Weigh up your reasons
Is your desire to avoid making a career decision tipping the scales in favour of further study? Postgraduate study is a time-consuming and costly business, so you need to be clear on your reasons for pursuing it.
Your degree subject can be a useful starting point in your decision-making process. Finding out what people on your course have gone on to do in the past can be a source of inspiration or give you an idea of the kind of career paths open to you. Some subjects are clearly vocational and you may have chosen your course for a reason which is still valid in your career planning. Be aware though, that around 40 per cent of graduate-level positions advertised do not specify a specific degree discipline, so your degree subject doesn't have to revolve around your future career.
Research courses carefully to make sure they deliver what you need them to, and consider where further study will take you career wise. Employers will also want to know why you chose to extend your studies and which of the skills attained are transferable to the workplace.
The work/study balance
Remember that you can enter the realm of postgraduate study at any stage in your career. If you've found yourself in a job that isn't satisfying your career-needs, a postgraduate course could help you bounce back better qualified – with more options to choose from. Find out if your company are able to help you, financially or with time off to pursue further study. If you want the option to earn while you learn then consider going for a part-time or distance learning course.

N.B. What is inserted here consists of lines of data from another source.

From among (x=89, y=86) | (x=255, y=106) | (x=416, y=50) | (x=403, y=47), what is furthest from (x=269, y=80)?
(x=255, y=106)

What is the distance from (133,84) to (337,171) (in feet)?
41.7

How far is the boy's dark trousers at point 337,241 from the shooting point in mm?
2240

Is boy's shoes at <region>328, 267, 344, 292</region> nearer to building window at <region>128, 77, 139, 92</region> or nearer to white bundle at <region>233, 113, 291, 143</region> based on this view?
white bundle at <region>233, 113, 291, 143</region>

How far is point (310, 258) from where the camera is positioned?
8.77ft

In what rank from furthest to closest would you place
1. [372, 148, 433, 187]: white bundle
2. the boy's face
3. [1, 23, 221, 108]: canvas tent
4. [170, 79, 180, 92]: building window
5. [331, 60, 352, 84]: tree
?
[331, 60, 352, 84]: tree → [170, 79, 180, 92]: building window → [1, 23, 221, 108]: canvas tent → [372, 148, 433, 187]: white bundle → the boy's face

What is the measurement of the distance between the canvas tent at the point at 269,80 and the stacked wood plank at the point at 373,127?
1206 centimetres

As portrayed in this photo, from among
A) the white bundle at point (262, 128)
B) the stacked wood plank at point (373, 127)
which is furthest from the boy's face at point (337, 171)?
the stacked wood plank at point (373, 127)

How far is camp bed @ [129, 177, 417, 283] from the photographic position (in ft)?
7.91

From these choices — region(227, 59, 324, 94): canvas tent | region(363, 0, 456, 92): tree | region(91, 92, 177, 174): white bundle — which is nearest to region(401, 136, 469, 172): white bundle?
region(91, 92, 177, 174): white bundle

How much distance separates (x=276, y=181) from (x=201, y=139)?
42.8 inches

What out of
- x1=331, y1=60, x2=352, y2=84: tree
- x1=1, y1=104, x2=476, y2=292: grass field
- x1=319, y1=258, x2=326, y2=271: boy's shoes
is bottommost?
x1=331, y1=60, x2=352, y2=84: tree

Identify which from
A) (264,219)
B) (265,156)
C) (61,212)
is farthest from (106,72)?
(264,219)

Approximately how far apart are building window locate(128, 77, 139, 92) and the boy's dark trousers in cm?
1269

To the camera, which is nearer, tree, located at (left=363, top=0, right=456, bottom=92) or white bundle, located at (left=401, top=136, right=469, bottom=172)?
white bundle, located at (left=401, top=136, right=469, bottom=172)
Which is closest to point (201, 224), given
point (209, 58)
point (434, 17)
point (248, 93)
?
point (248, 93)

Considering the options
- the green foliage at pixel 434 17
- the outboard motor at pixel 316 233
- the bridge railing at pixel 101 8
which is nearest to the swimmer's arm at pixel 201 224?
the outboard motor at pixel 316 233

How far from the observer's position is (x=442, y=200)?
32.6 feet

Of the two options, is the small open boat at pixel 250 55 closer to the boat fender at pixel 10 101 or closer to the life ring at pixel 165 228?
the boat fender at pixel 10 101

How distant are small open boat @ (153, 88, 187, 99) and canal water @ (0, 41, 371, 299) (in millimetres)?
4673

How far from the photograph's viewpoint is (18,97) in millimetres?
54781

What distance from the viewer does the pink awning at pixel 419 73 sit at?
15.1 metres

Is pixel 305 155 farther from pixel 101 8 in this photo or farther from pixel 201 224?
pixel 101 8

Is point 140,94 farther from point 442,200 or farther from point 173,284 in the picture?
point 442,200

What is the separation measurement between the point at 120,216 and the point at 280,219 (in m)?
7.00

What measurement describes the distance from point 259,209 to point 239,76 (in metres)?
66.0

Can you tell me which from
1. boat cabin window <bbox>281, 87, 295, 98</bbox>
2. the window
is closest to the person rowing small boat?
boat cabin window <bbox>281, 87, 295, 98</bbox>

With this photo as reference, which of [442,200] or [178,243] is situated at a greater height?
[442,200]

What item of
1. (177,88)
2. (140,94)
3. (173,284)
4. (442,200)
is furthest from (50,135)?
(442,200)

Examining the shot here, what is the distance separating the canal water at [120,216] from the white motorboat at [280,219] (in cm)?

You also have the option of working full-time and completing a course independently in your free time. Although this seems like a good way to getting the best of both worlds it will be a huge demand on your time. So only opt for this method if you are sure you can dedicate your weekends and evenings to keep up.
Study your way into a profession
If all your research and soul-searching activities are pointing to a career that your graduate degree doesn't relate to, you might consider making the transition to your desired sector through a conversion course. It is possible to convert from most disciplines into law, property, science, construction and teaching. Look into how favourably your chosen course is viewed by potential employers. If it is beneficial to the company, they may even provide funding.